Numerical modeling of small reaches also indicates the potential for heterogeneous groundwater discharge rates. Storey et al. (2003) found that the cross-sectional shape of the stream bed has a profound effect on the local groundwater system. In a gravel-bedded, gaining stream, they found that the shape of a riffle imposes a hydraulic boundary that focuses groundwater flow toward the river banks. Their model showed seepage at the boundaries to be twice as high and more variable than mid-river discharge.

Identifying the meter-scale patterns of groundwater discharge into streams is difficult because of the lack of techniques for efficiently measuring groundwater seepage rates at this intermediate scale. The most common means of stream/groundwater exchange measurement is by gauging river discharge at discrete locations and then attributing any gain or loss in water volume to the underlying aquifer. The large scale of this method limits the scope of the observation to that of an entire reach. Alternatively, seepage meters that intercept water discharging into the stream (Paulson et al., 2001) and buried thermocouples that measure groundwater flow induced changes in the geothermal gradient are frequently used to determine point seepage rates. Point measurements, however, may not be characteristic of reach scale groundwater seepage due to the heterogeneity of the groundwater discharge pattern (Belanger and Montgomery, 1992). Currently, the only way to obtain high resolution temperature data of a substantial area is through the use of FLIR (forward looking infrared) Thermal Infrared imaging. The thermal camera is able to record temperature data in very high detail, but is limited to measuring the temperature of the water’s surface (Torgerson et al., 2001). Any mixing that occurs within the river distorts the groundwater discharge signal.

As part of a study into the geomorphic effects of groundwater on small river systems, we tested a method of rapidly determining the spatial pattern of groundwater discharge at the meter scale using portable thermal probes. These probes have the advantage of measuring surface temperature very rapidly while still being very accurate, as well as making possible the estimation of discharge for the reach along with fine spacial detail of discharge. Unlike penetrating probes or seepage meters, they do not effect the underlying hydraulics and avoid most of the error that may be incurred from disturbing the underlying sediment.

Study Area

The Mississippi Embayment offers an ideal location to study the spatial and temporal patterns of groundwater seepage to streams due to the abundance of small meandering rivers and relatively simple near-surface geology. The embayment itself is shaped similar to a southward plunging syncline composed of shallowly dipping alternating layers of sand and clay (Cushman et al. 1964, Hosman and Weiss, 1991). The syncline axis follows the Mississippi River. Regional groundwater flow tends to follow the gradient of the regional topography (Authur and Taylor, 1998), which reflects the embayment syncline.

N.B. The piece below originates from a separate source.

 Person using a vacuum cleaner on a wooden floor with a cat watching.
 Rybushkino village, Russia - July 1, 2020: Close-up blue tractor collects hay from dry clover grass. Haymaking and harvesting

The rivers in Western Tennessee tend to cross the sand and clay outcrops perpendicular to strike direction, flowing from east to west towards the Mississippi River. Previous studies have indicated that large systematic changes in groundwater-surface water exchange can be found along the Loosahatchie River, although the exact location and degree of these changes is not yet known (Urbano et al., 2006). In 1968, the Loosahatchie River was channelized by the Shelby County Drainage District to reduce flooding and increase drainage potential. Prior to channelization, the Loosahatchie River was highly sinuous with a general east/west orientation. Channelization of the Loosahatchie has resulted in substantial downcutting, creating steep-sided banks.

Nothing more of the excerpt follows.